**TASK PROMPT**.
Your reply must contain the lines from the one with "2145 Silver Linden" through the last line of the material, exact and complete, with no pictures and no other text.

**COLLECTED MATERIAL**.
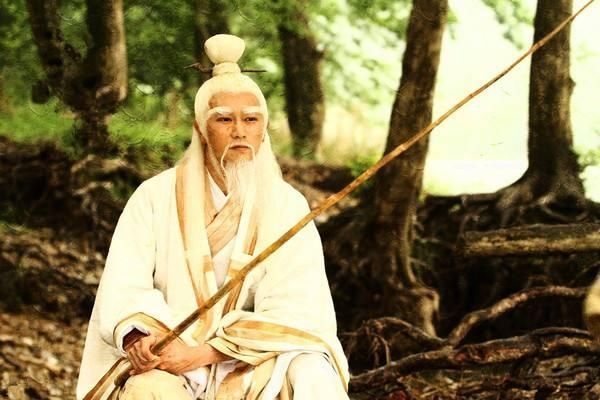 黄飞虎|姜子牙一场辛苦，为啥最后被封为“灯笼神”听听南极仙翁怎么说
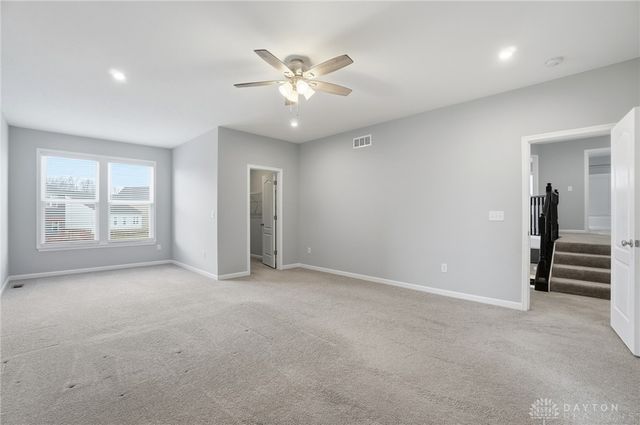 2145 Silver Linden Drive, Tipp City, OH 45371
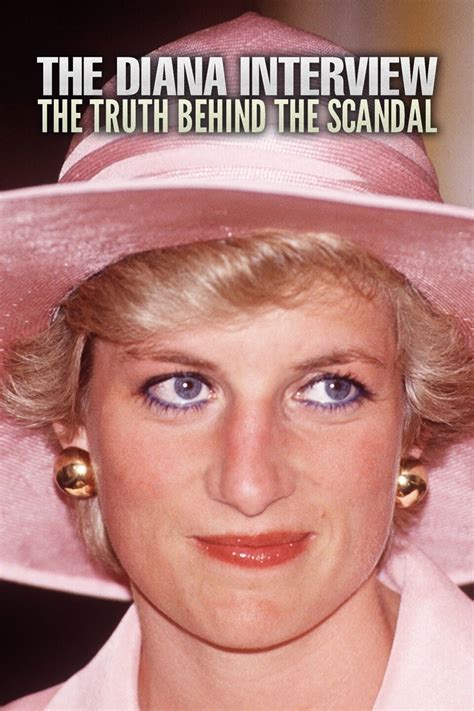 Diana The Truth Behind The Interview 2020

**TASK RESULT**.
 2145 Silver Linden Drive, Tipp City, OH 45371
 Diana The Truth Behind The Interview 2020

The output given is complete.